Towards the end of the nineteen twenties, the Governor of Ceylon at the time, the half- mad Sir Hugh Clifford, demanded of Whitehall to send to Ceylon an investigative Royal Commission to examine the workings of the Manning Constitution in operation at the time and the difficulties that public servants were experiencing at the hands of a powerful Finance Committee of the Legislative Council. The Commission was headed by the Earl of Donoughmore and it recommended a peculiarly hybrid Constitution which came to be called the Donoughmore Constitution and was operative from 1931 to 1947. The idea of the Commissioners was to train Ceylonese politicians and leaders in the art of self government.

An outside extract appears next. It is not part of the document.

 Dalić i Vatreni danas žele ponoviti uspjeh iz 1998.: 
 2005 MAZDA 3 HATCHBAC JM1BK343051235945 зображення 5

There were two recommendations of the Donoughmore Commission which threw out of killer the entire foundation of the Tamil political postion in Ceylon. First communal representation was abolished and replaced by unadulterated territorial representation. This meant that the Tamil position on ratios in representation was completely gone, the baby had been thrown out with the bathwater. Secondly as if to hinge this recommendation on a solid foundation, universal suffrage was introduced. There could not have been a firmer guarantee for ensuring the majority rights of the Sinhalese than this double bonanza of territorial representation and universal suffrage. Thirdly a system of government by executive committees was inaugurated making it in fact possible for the election of the Pan Sinhalese Board of Homogeneous Sinhalese- speaking Ministers after the general election of 1936.

The Tamils could not have suffered a worse death blow and it was a pity that they had to await the emergence of their man of the hour, the mesmerizing and magnetic G.G. Ponnambalam who was the white knight in shining armor who did the Tamil people proud intheir crisis, in their most dangerous hour. It was great tragedy that the Tamil people in their desperate plight were leaderless in the years 1931 to 1936. There was no alternative stately they could deploy against the nascent floodide of Sinhala communalism. They could not have suffered a worse fate than fall prey to the whims of the Jaffna Youth Congress which committed the Himalayan blunder of successfully boycotting elections to the State Council. As a result the Tamils lost at least one if not two places in the first Board of Ministers, 1931 to 1936. This was not a crime but far worse than a crime. IT was great criminal blunder. The sterile Tamil boycott angered the imperial rulers at Whitehall and it was quite late in the day when elections were held to the State Council.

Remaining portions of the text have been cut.